Damit ist Laffers These allerdings nicht widerlegt. Es gibt empirische Befunde, die sie stützen. So wurde etwa die Tabaksteuer in Deutschland zwischen 2002 und 2005 mehrmals massiv erhöht. Die Einnahmen aus der Steuer sind allerdings nicht gestiegen, sondern gesunken. Mit den Erhöhungen wurden starke Anreize zur Steuervermeidung geschaffen.

Und im Jahr 1980 unterstellte der Bundesrat den physischen Goldhandel – Zürich war damals der weltweit grösste Handelsplatz – der Warenumsatzsteuer. Nachdem sie wegen des Überraschungseffekts zunächst den erwünschten Ertrag gebracht hatte, brach dieser rasch zusammen. Grund: Der Handel verlagerte sich rasch nach London. Eine Steuersatzerhöhung hatte diesen Prozess noch beschleunigt.

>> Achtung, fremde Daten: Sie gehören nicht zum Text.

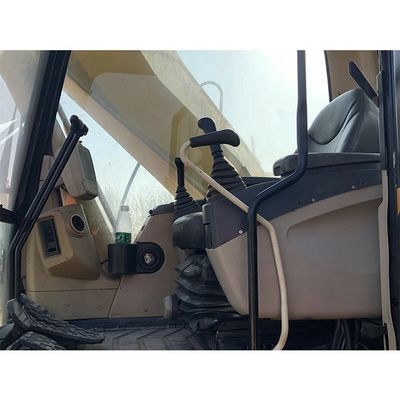Excavadora usada CAT 320D 320GC 320C 320b de 20 toneladas con 4000 horas de trabajo en buenas condiciones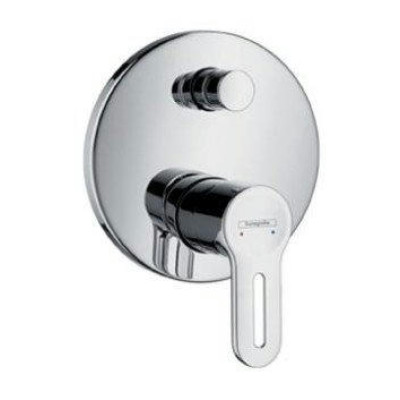 Смеситель для ванны Hansgrohe Metropol S 14466000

Je mobiler die Steuerbasis ist, desto sensibler fällt die Reaktion auf Steuererhöhungen aus. Das zeigt auch die aktuelle Debatte über die Spezialregimes für Holding- und Domizilgesellschaften in den Kantonen. Würde ihre Besteuerung erhöht, wäre mit der Abwanderung dieser Gesellschaften zu rechnen. Mit der Unternehmenssteuerreform III will die Schweiz eine Ersatzlösung für die international verpönten Sonderregimes finden, ohne die Unternehmen – und damit das Steuersubstrat – aus der Schweiz zu vertreiben.

Die Laffer-Kurve ist aus der aktuellen wissenschaftlichen und politischen Debatte verschwunden. Die dahinter stehenden Überlegungen bleiben jedoch aktuell. Jede Steuererhöhung hat dynamische Anreizeffekte. Wird die Besteuerung prohibitiv hoch, dominieren die negativen Effekte, die Steuervermeidung nimmt überhand, und der Ertrag sinkt. Steuern sind grundsätzlich so zu bemessen, dass sie gerade ausreichen, um die Aufgaben das Staates zu finanzieren, nicht mehr und nicht weniger. Das ist letztlich die bleibende Lehre aus der Laffer-Kurve.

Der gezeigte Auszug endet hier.